Journeys into the Field
Aqui estão várias ideias para viagens para o campo e o que fazer lá.
Pode viajar para o mundo inferior e pedir para ser levado para um lugar que funcionaria para si como campo de Rumi. Ou pode viajar para um campo que conhece na realidade comum e pedir que o Espírito do campo de Rumi esteja lá para si sempre que viajar para lá. Se o campo na realidade ordinária estiver perto de si, pode ir para lá fisicamente como um ponto de poder livre da divisão na sociedade.
Uma intenção de viagem pode ser encontrar a parte de si que está presa num julgamento negativo sobre alguma questão actual e a parte de si que gostaria de estar livre do stress que este julgamento cria. Peça para compreender cada parte de si mais profundamente, tal como “Porque são estas posições tão importantes para mim”. Ou “Estas posições são realmente assim tão importantes?” Ou “O que aconteceria se eu largasse o meu julgamento?”
Outra intenção poderia ser pedir para conhecer o Eu Superior de alguém com quem está em conflito. Discutir as raízes do conflito, porque é importante para cada um de vós, e como pode ser resolvido. Tenham compaixão pela outra pessoa e façam uma promessa de que serão menos combativos no futuro.
Uma terceira intenção poderia ser deitar-se na relva e implorar ao Espírito do Campo (ou algum outro espírito de ajuda) para realizar uma extracção dos elementos dentro de vós (experiências passadas, memórias, preconceitos, lesões, abusos) que encorajam o pensamento dualista e os julgamentos onde eles não precisam de ser aplicados. Depois peça que esses julgamentos sejam substituídos pelo poder ou força para ter uma mente mais aberta quando estiver envolvido em alguma controvérsia ou argumento. Peça que as suas atitudes sejam guiadas “para além das ideias de maldade e acerto”, para que possa experimentar o mundo, o próprio universo, como “demasiado cheio para falar”
Em algum momento das suas viagens ao campo, peça uma palavra, frase, ou imagem do campo para segurar como chave ou gatilho para recordar este campo de consciência sempre que precisar dele na realidade ordinária. Pense nele como um dom que o convida a um estado de não-julgamento quando tenta compreender a correcção ou o erro de algo.
Ser realista em realidade vulgar
A viagem para o campo de Rumi pode tornar-se uma prática xamânica regular para reforçar a nossa sensação de que uma nação polarizada não tem de ser a norma.
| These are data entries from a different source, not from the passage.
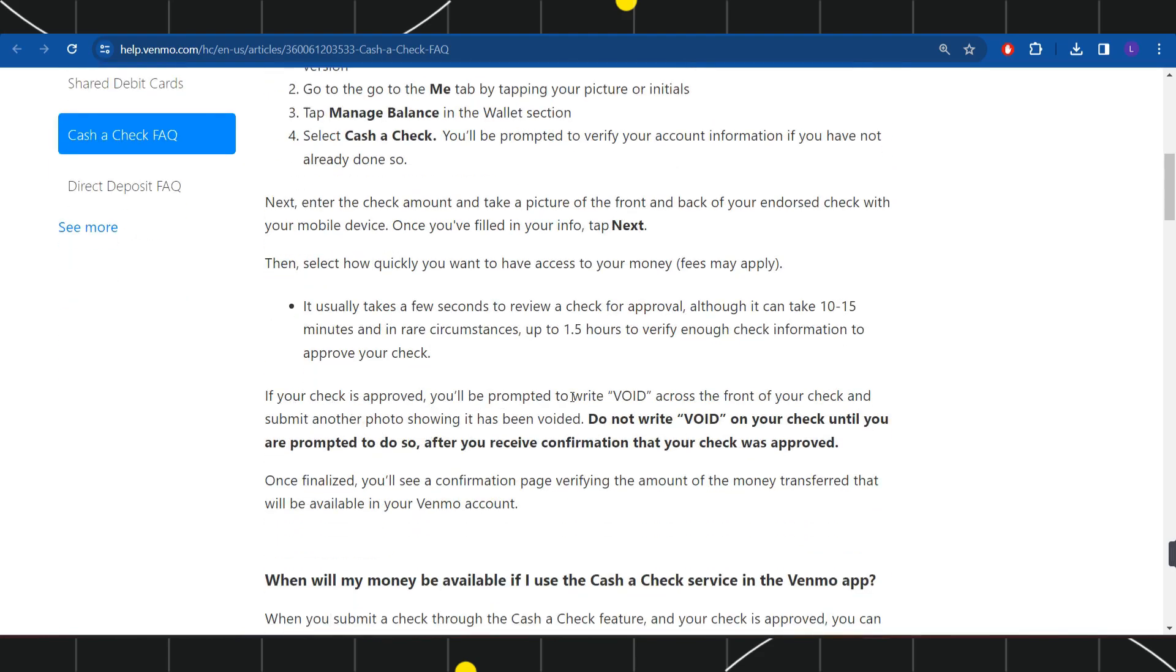If your check is approved, you will be prompted to write 'VOID' across the front of your check and submit another photo showing it has been voided. Do not write 'VOID' on your check until you are prompted to do so after you receive confirmation that your check was approved.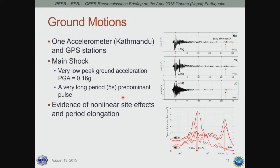As earthquake engineers, we're interested in the level of shaking, not just the magnitude. Unfortunately, we have access to only a single accelerometer in Kathmandu and a number of GPS stations used for slip evaluation. The recording in Kathmandu had unique features: a very low peak ground acceleration of about 0.16g. However, using prior correlation, we expect a significantly higher level of shaking. There are studies currently underway to understand the cause — whether it's a source effect or a combined source and basin effect.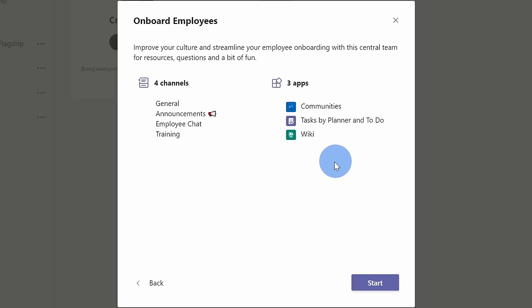By using a template, it'll automatically create channels for you, and in a moment, we'll see what these different channels are. It also adds some apps to this team. All of this looks good, so let's click on start.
Certamente a necessidade de verdade, justiça, justiça, decência, e respeito pelos outros continuará a confrontar-nos, pois não vivemos num mundo perfeito, e quando vemos estes valores serem desrespeitados ou minados, os nossos instintos são para os defender, confrontar os agressores, e defender aqueles que estão a ser prejudicados. Situações que consideramos “malfeitorias” irão inevitavelmente reaparecer na nossa vida quotidiana, e a boa cidadania exige que tomemos uma posição. Mas o pedido de Rumi, “Encontramo-nos lá”, é um apelo para enfrentar os infractores a partir de um estado de consciência, um estado de compromisso com o outro, que se eleva acima da animosidade e do desprezo que a divisão pode criar.
Com o tempo, deslizar para esse estado de consciência pode ser o modo padrão para acreditar que as ideias de mal e bem não têm de dominar os nossos corações, e mentes, e almas. Como um recurso xamânico, o campo de Rumi pode mudar a forma como pensamos, e mudar o quê e quem somos, de modo a moldarmos a mudança que queremos ver na nação. Quanto mais compreendermos e encarnarmos os mistérios deste campo, mais poderemos ajudar uma nação a sobreviver.